建築写真よ、ありがとう
今だから言えるのですが、写真家人生の最後を建築撮影で暮らしているとは、若い時分には全く想像していませんでした。
写真を生業にしたいと思ったのは、高校時代に写真部に入りその魅力に触れてからなのですが、その時代は写真家が脚光を浴びるようになった黎明期と思います。私が撮りたいと思った写真も広告や雑誌の範疇でその中で自分もやっていけるように思い込んでいました。
現実は、大学は出たものの就職先などない時代。スポーツ新聞の撮影アルバイトから始まり、編集プロダクションで学習雑誌の記事の撮影、営業写真館で学校写真の撮影、どこかまともな就職先を見つけようとしていた時偶然出会ったのが建築写真の会社でした。
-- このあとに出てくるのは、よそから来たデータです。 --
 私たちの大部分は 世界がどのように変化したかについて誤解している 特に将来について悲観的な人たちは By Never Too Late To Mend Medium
その時すでに27歳、初めてのまともな就職で一応5年近くを過ごし、これ以上いると歯車から脱出が困難思った時点で退社しましたが、当時の主な仕事は各種建材メーカーの撮影で、広告に近い仕事を願っていた自分にはありがたい内容でした。おかげで日本中撮影に赴き今でも懐かしく思います。
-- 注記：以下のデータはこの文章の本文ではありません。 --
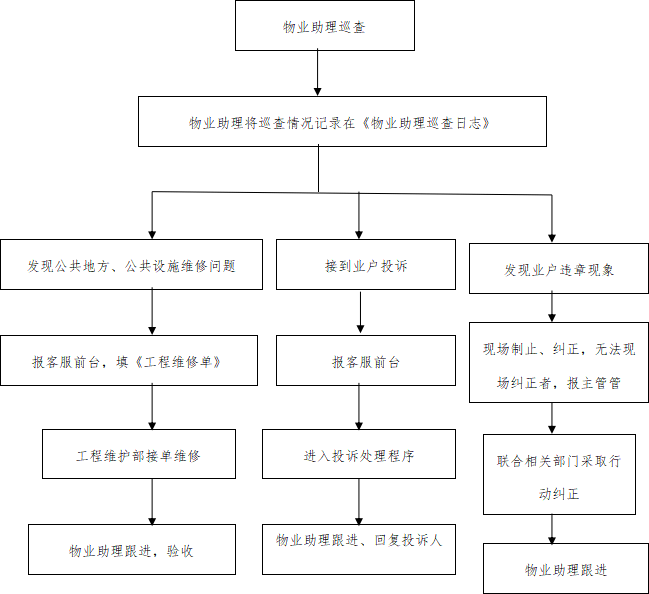 物业客服常用5个工作流程图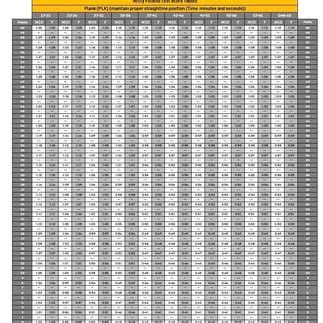 AFT Scoring Changes & Breakdown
退社した後も暫くは建材メーカーの撮影中心でやってこれましたが、間もなくバブルが崩壊し、みるみるうちに取引先は少なくなりました。当時の取引先のスローガンには「明けない夜はない」とありましたが、私には明けることがありませんでした。
印刷会社の撮影などで食いつなぐも見通しの立たない中、あるのは4×5のカメラだけ。会社を辞めて10年、一区切りついたな。
ここで漸く建築写真と正面から向か合う日が始まりました。そして生活のため現場事務所を回り、クレーンを見たらこんにちは、のはじまりです。
あれから20年、いつの間にか建築写真が私を救ってくれていました。この間にも波が打ち寄せることしばしばですが、これが最後の砦ですから。